What needs to be done :: In this exercise, print only the lines of the records below from the one with "2016 Wholesale Long" through the one with "Auto Meter Pro", inclusive. Pictures are not part of the copy.

Data supplied ::
════════════════════
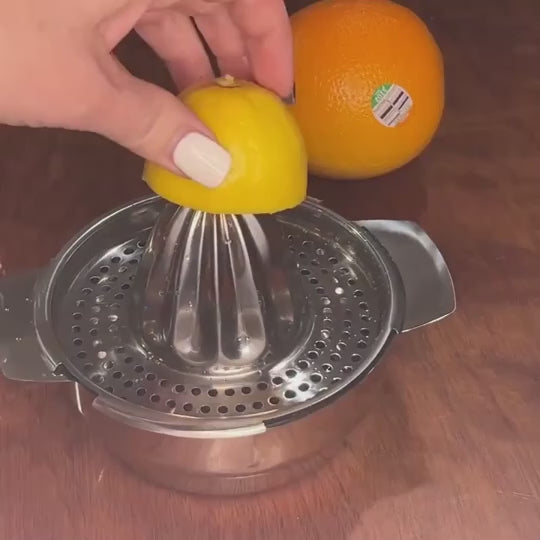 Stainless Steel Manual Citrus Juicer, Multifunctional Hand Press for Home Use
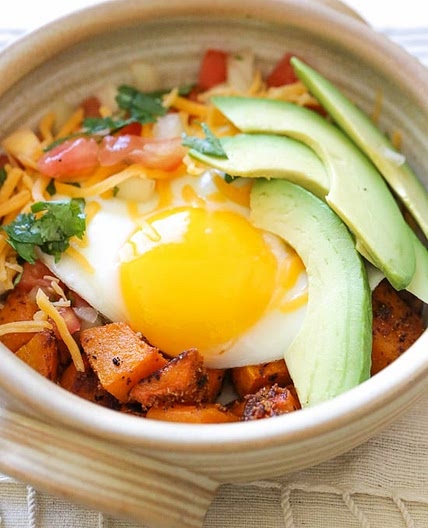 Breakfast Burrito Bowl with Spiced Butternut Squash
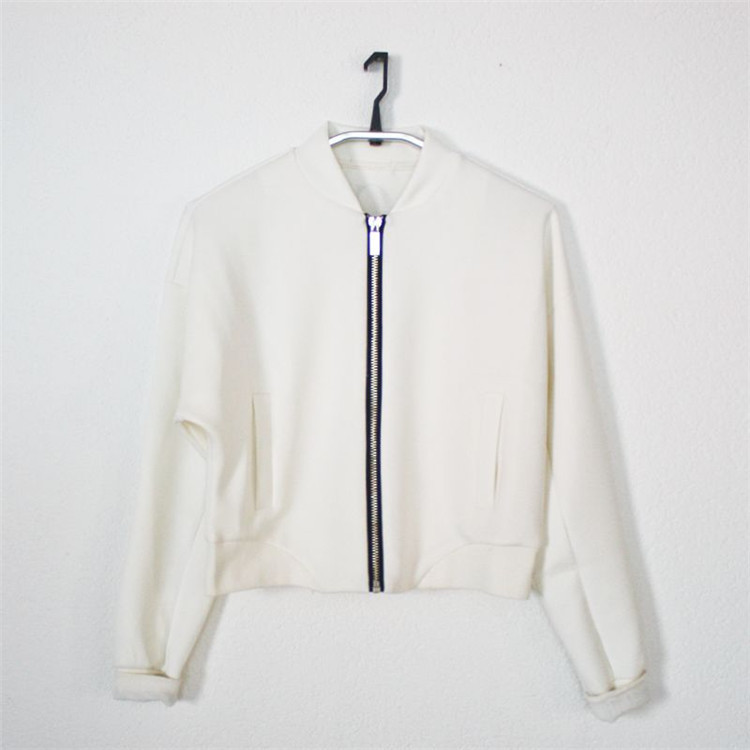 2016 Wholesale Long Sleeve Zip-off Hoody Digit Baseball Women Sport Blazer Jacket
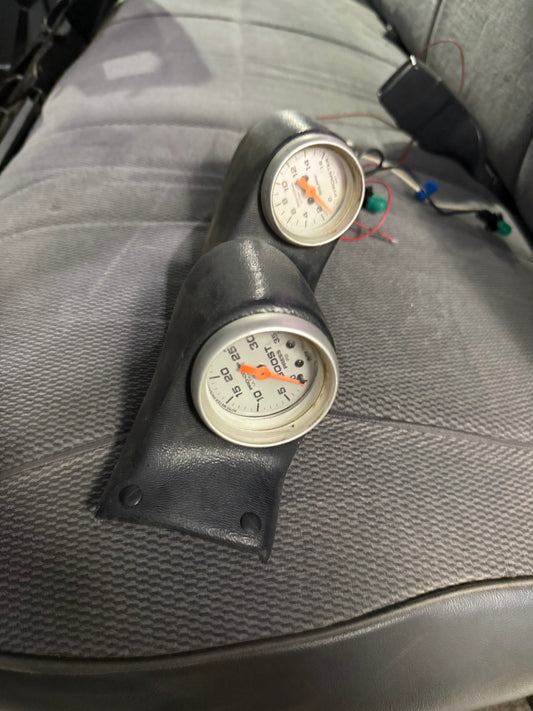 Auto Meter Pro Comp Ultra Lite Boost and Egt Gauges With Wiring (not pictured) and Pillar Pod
════════════════════
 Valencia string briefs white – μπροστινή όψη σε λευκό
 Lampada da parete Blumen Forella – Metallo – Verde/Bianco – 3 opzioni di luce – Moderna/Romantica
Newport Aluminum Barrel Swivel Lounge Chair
════════════════════
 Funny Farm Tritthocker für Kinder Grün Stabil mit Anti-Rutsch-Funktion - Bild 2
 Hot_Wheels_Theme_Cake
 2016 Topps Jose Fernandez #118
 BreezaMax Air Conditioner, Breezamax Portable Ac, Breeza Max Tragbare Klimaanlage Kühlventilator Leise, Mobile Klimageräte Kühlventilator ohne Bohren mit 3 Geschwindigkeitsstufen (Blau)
════════════════════
Problem solution ::
 2016 Wholesale Long Sleeve Zip-off Hoody Digit Baseball Women Sport Blazer Jacket
 Auto Meter Pro Comp Ultra Lite Boost and Egt Gauges With Wiring (not pictured) and Pillar Pod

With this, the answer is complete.